Interfacial Synergy between the Cu Atomic Layer and CeO₂ Promotes CO Electrocoupling to Acetate

Cu is considered to be an effective electrocatalyst in CO/CO₂ reduction reactions (CORR/CO₂RR) because of its C-C coupling into C₂₊ products, but it still remains a formidable challenge to rationally design Cu-based catalysts for highly selective CO/CO₂ reduction to C₂₊ liquid products such as acetate. We here demonstrate that spraying atomically layered Cu atoms onto CeO₂ nanorods (Cu-CeO₂) can lead to a catalyst with an enhanced acetate selectivity in CORR. Owing to the existence of oxygen vacancies (O_v) in CeO₂, the layer of Cu atoms at interface coordinates with Ce atoms in the form of Cu-Ce (O_v), as a result of strong interfacial synergy.

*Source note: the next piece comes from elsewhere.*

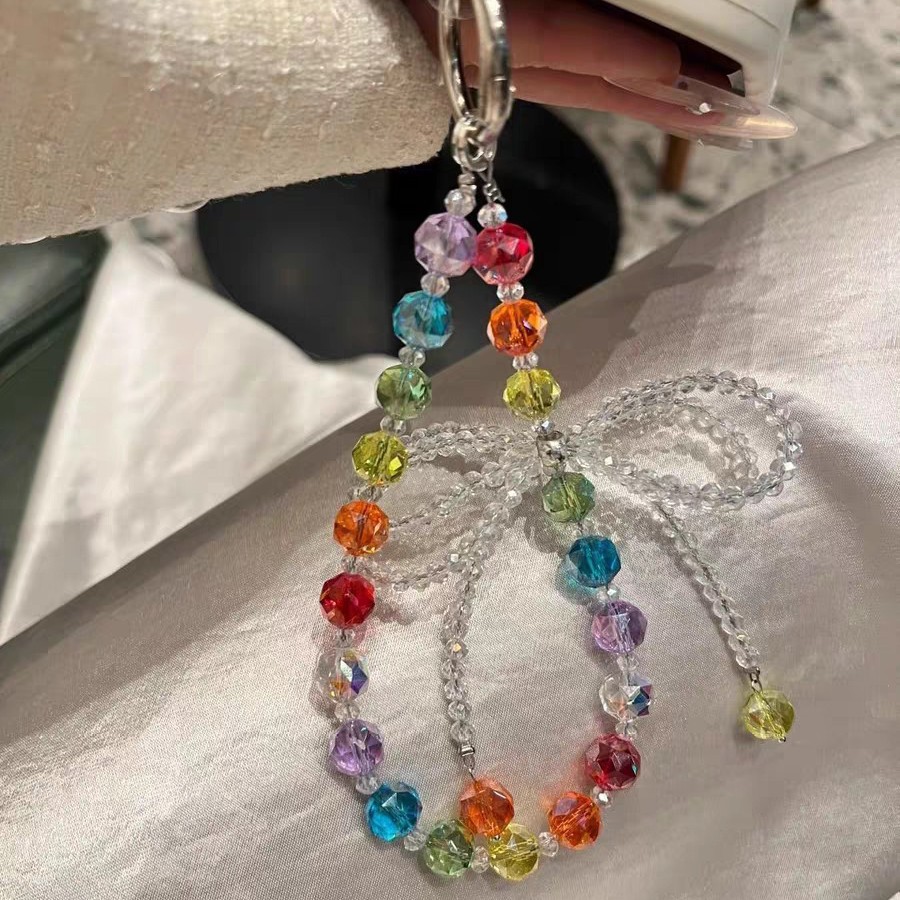 New High-End Ins Rainbow Crystal Mobile Phone Pendant Headphone Shell Anti-Lost Crossbody Chain Versatile Bow Hanging Chain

The Cu-Ce (O_v) significantly promotes the adsorption and dissociation of H₂O, which further couples with CO to selectively produce acetate as the dominant liquid product. In the current density range of 50-150 mA cm^-2, the Faradaic efficiencies (FEs) of acetate are over 50% with a maximum value of 62.4%. In particular, the turnover frequency of Cu-CeO₂ reaches 1477 h^-1, surpassing that of Cu nanoparticle-decorated CeO₂ nanorods, bare CeO₂ nanorods, as well as other existing Cu-based catalysts. This work advances the rational design of high-performance catalysts for CORR to highly value-added products, which may attract great interests in diverse fields including materials science, chemistry, and catalysis.